About this task :: The required answer is an exact copy of the records below, without pictures.

═════ Records provided ═════

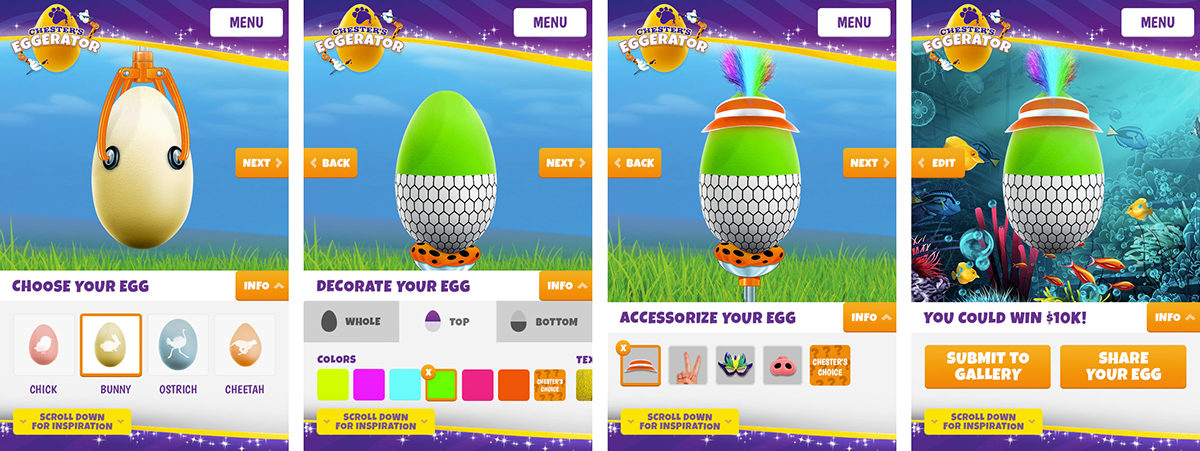 Cheetos egg Easter 3D cheetah canvas html5 design mobile Responsive photoshop compositing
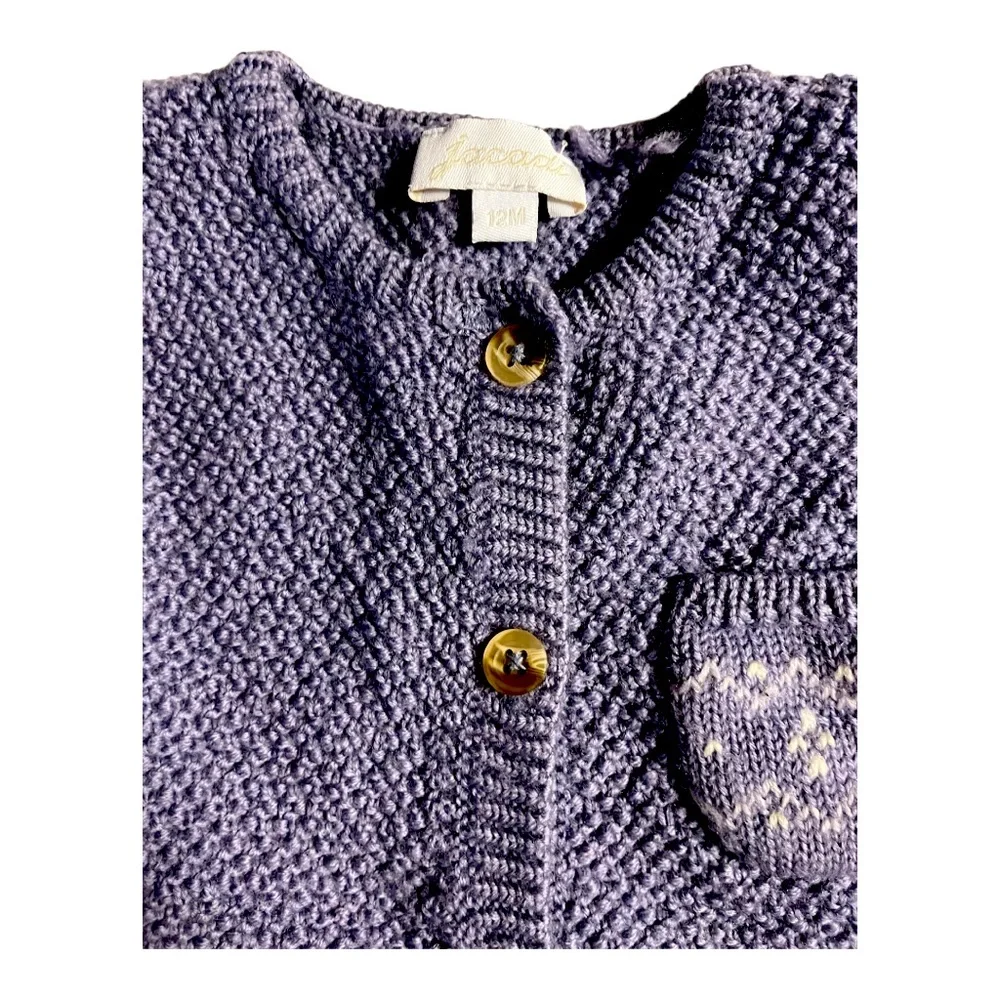 Jacadi Baby Knit One-Piece Overall Sweater 12 Months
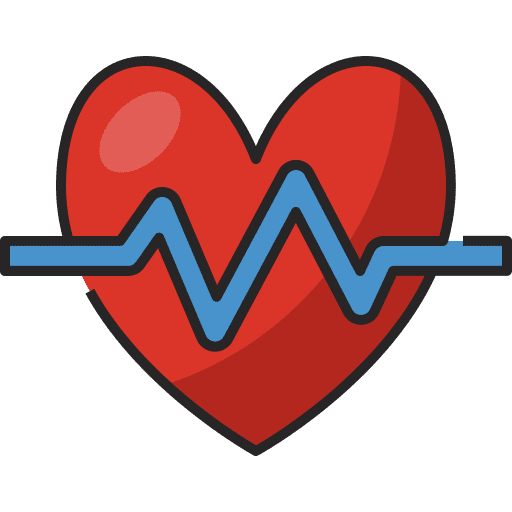 Health healthcare and medical heart love icon Health healthcare and medical heart love icon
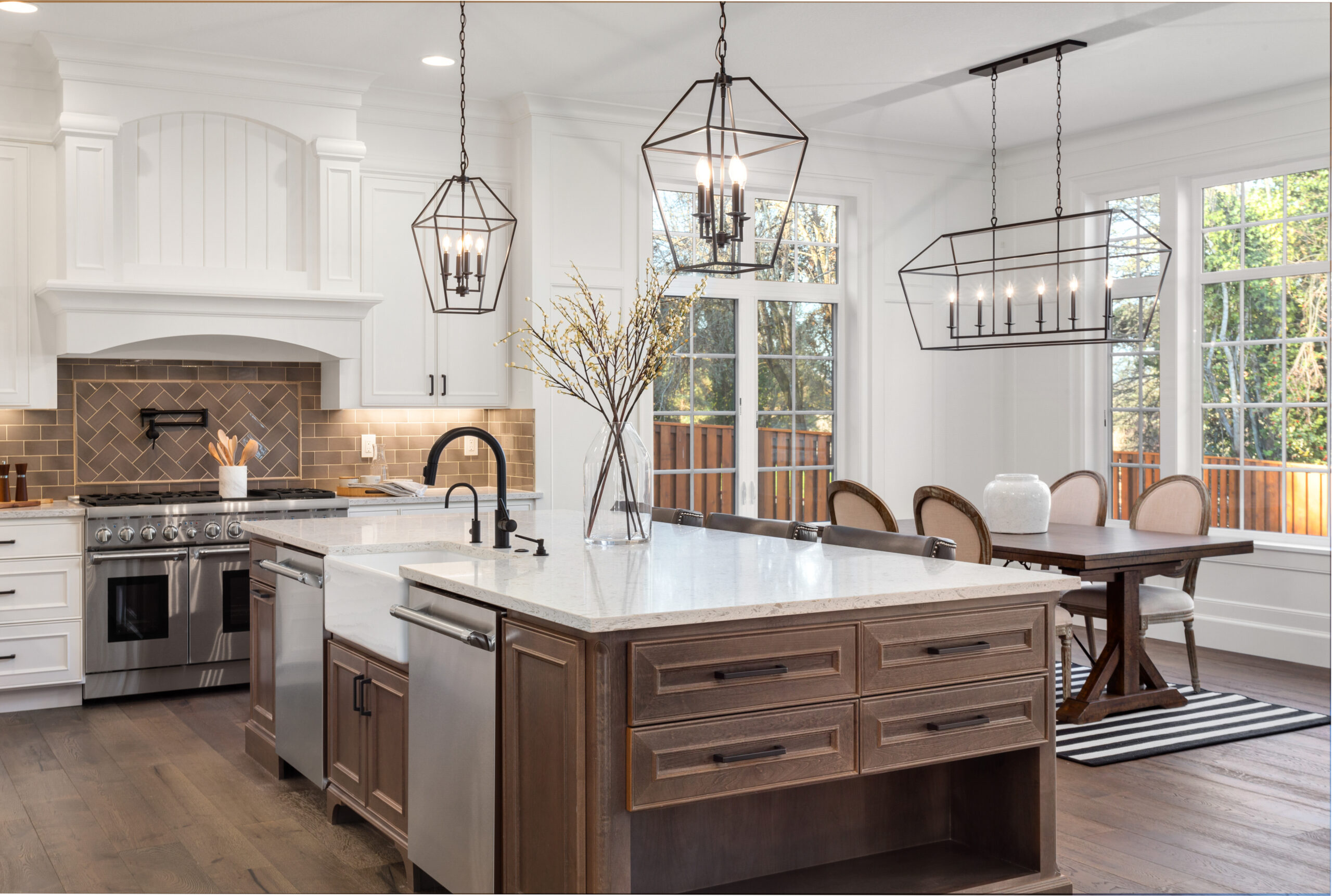 Beautiful remodeled kitchen with quartz countertops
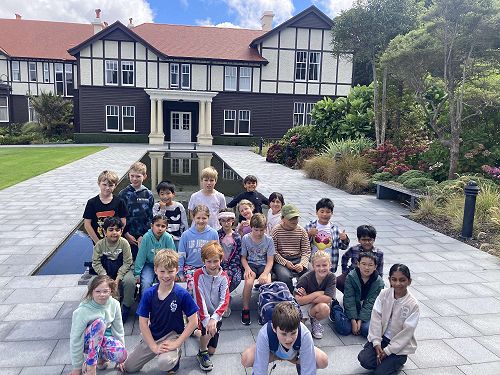 Our Kākā students at Government House.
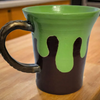 10-12 oz Pistachio/Chocolate Mug with Handle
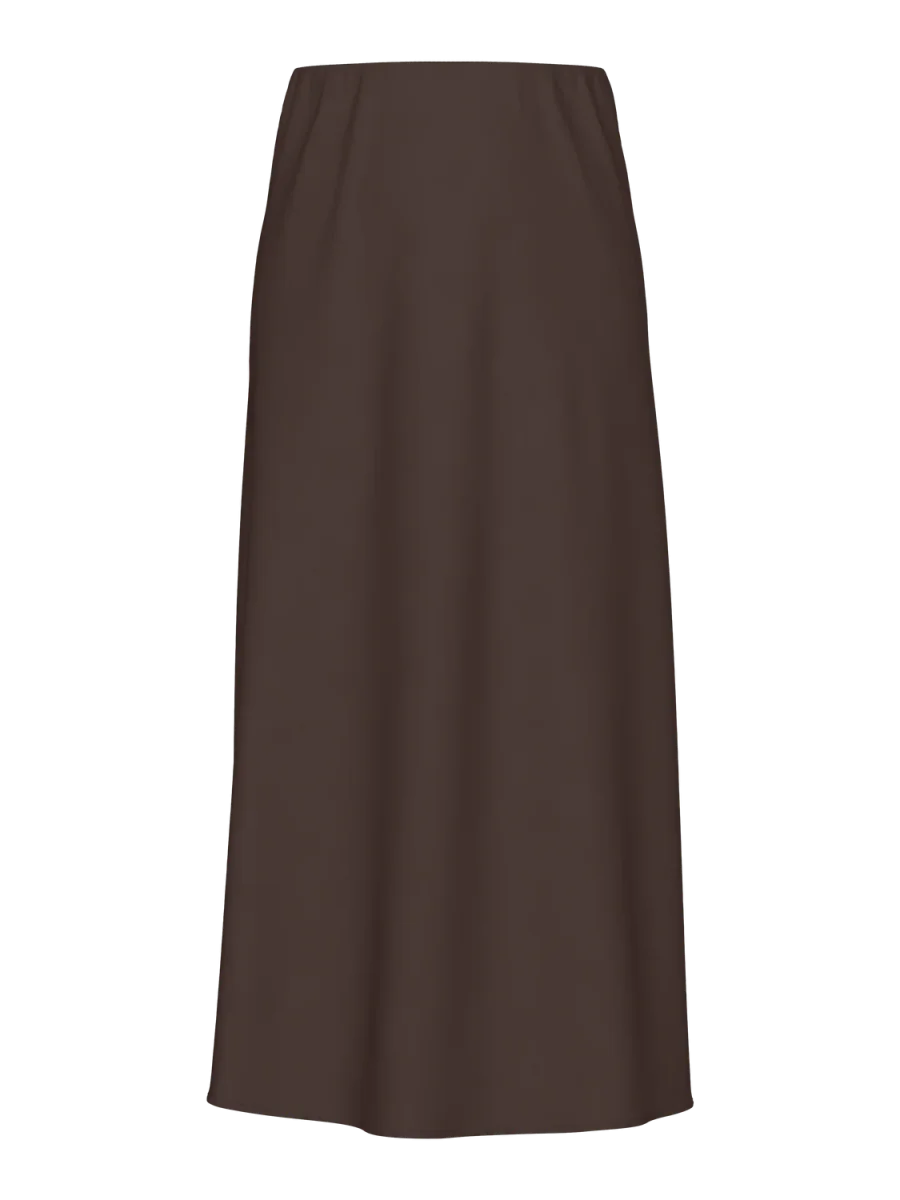 PCFRANAN Midi Skirt - Hot Fudge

═════

Your solution ::
 Cheetos egg Easter 3D cheetah canvas html5 design mobile Responsive photoshop compositing
 Jacadi Baby Knit One-Piece Overall Sweater 12 Months
 Health healthcare and medical heart love icon Health healthcare and medical heart love icon
 Beautiful remodeled kitchen with quartz countertops
 Our Kākā students at Government House.
 10-12 oz Pistachio/Chocolate Mug with Handle
 PCFRANAN Midi Skirt - Hot Fudge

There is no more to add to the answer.